Extracted material:
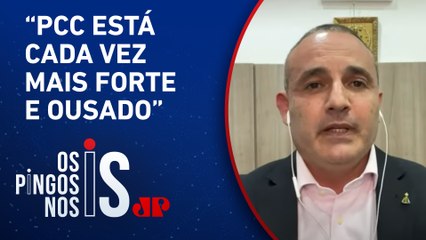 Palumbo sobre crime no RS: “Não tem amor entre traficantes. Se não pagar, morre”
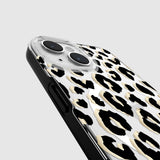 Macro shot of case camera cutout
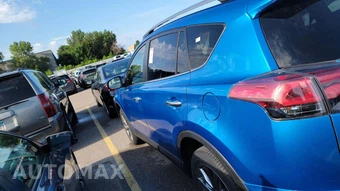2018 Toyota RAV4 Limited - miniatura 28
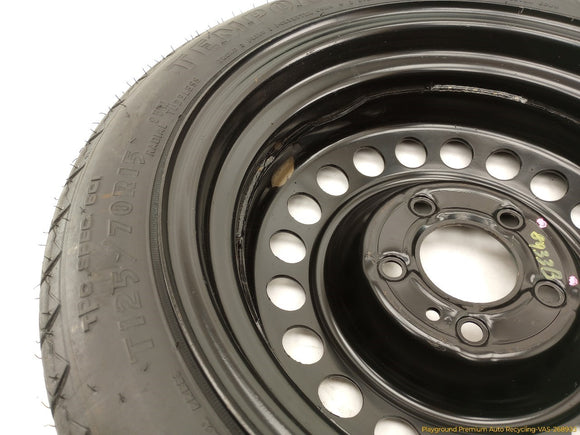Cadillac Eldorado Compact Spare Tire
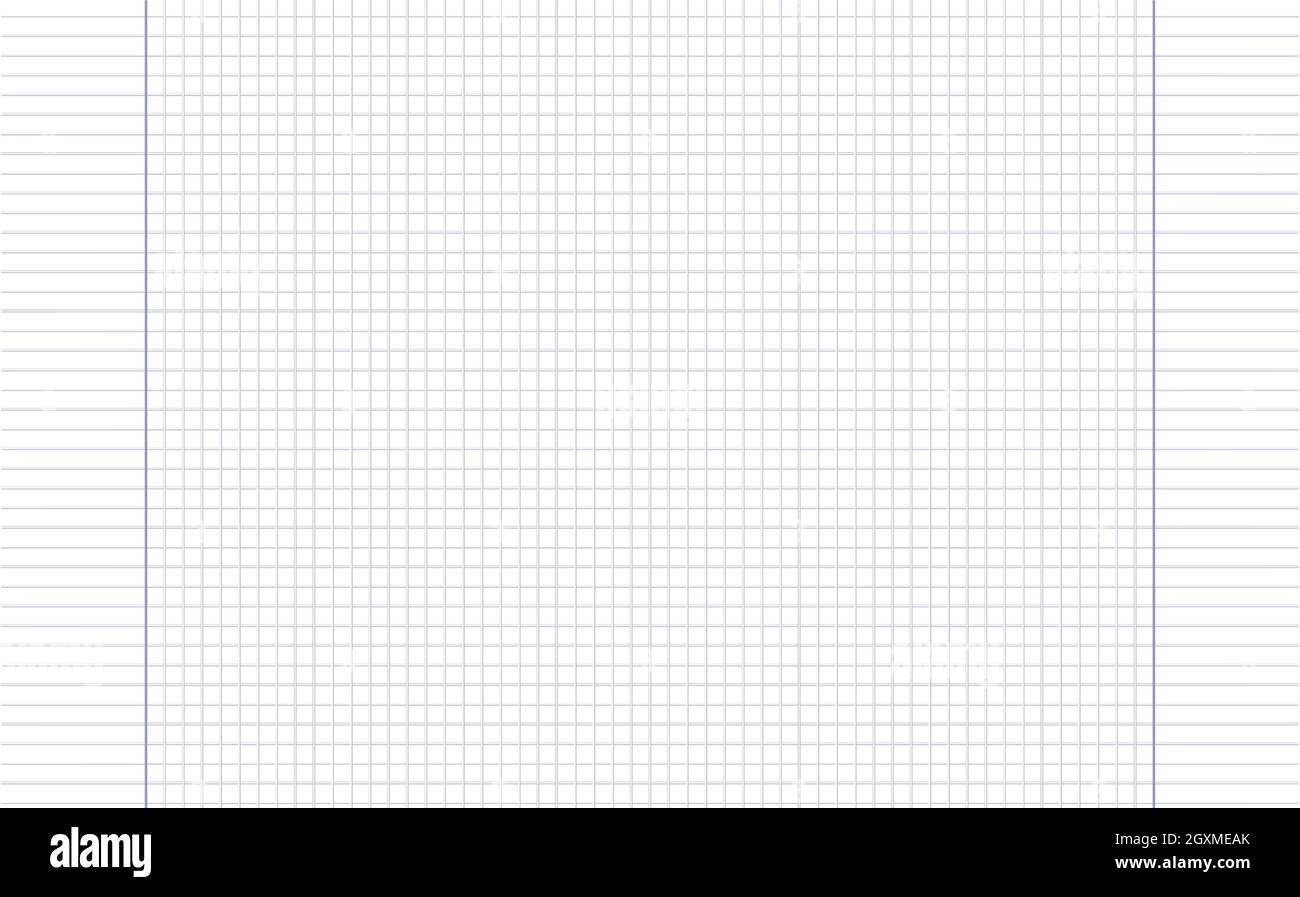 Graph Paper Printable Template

==

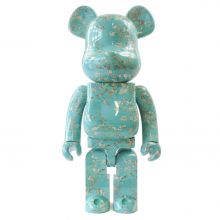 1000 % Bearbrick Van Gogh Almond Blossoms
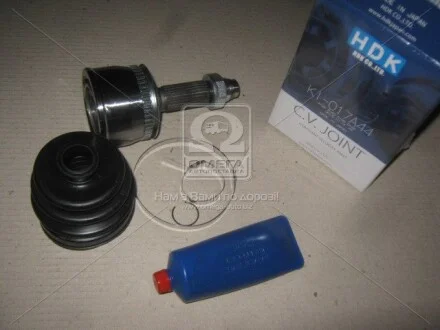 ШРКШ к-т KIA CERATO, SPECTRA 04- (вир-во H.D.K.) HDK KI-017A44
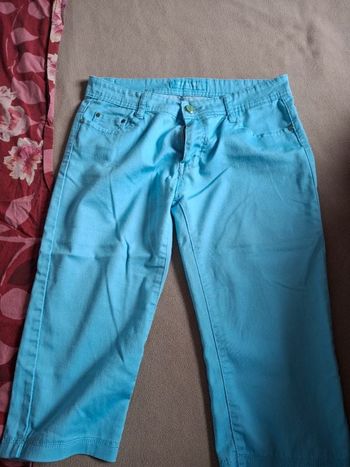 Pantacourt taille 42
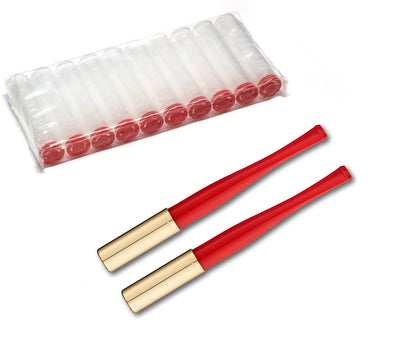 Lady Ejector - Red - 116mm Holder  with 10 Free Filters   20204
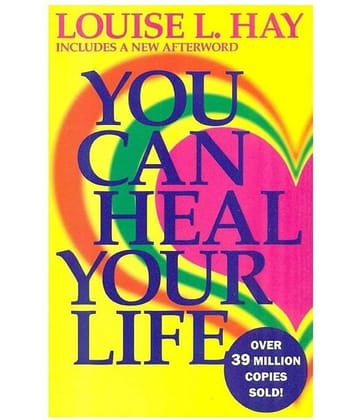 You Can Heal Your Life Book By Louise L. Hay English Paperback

==

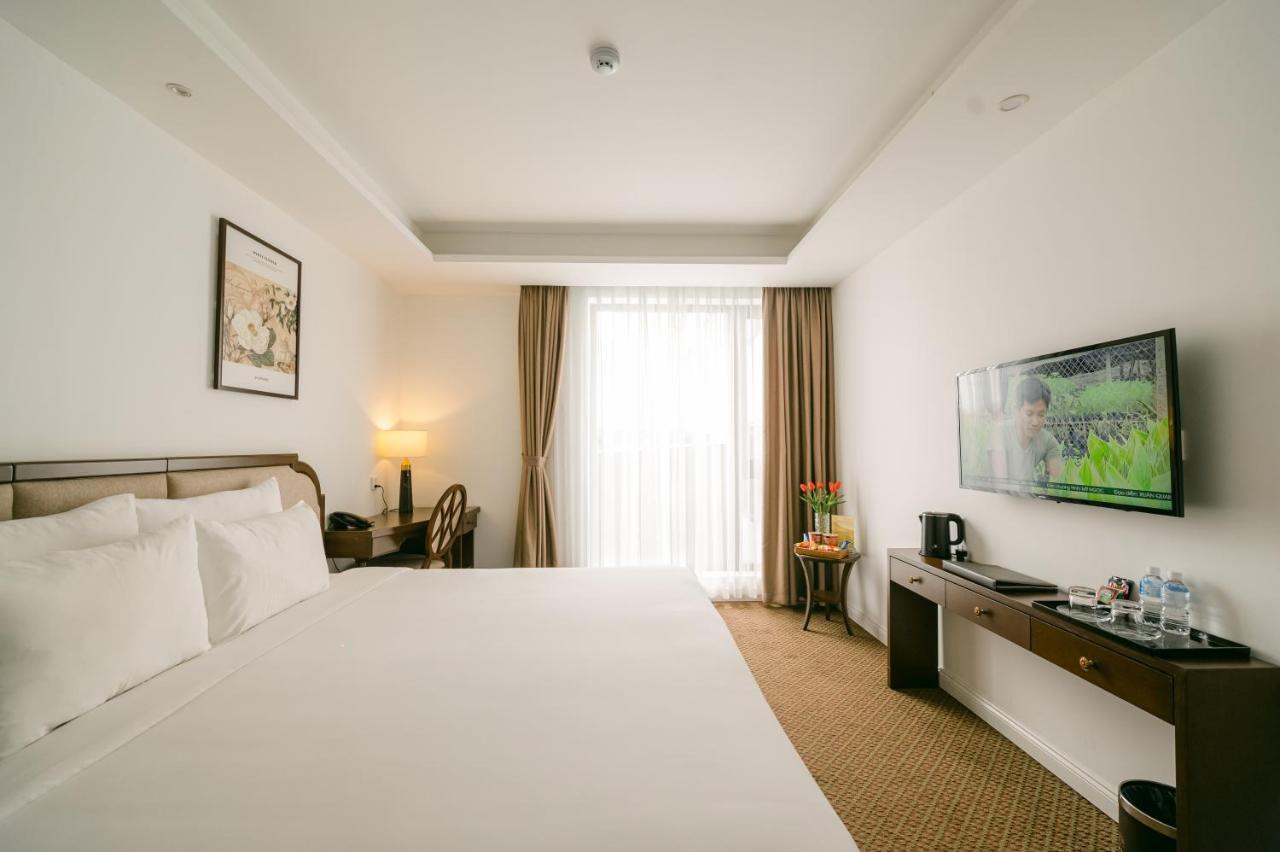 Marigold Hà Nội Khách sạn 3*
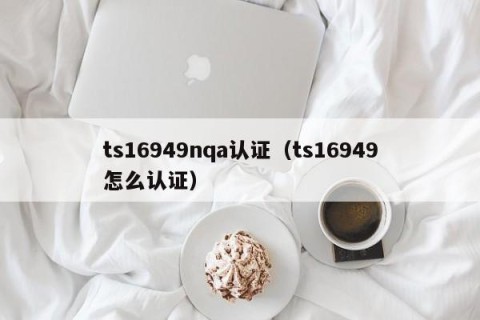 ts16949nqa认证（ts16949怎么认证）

What is needed: Return, exactly as they stand, the lines above from the one with "Marigold Hà Nội Khách sạn 3*" to the one with "ts16949nqa认证（ts16949怎么认证）", omitting any pictures among them.

Expected output:
 Marigold Hà Nội Khách sạn 3*
 ts16949nqa认证（ts16949怎么认证）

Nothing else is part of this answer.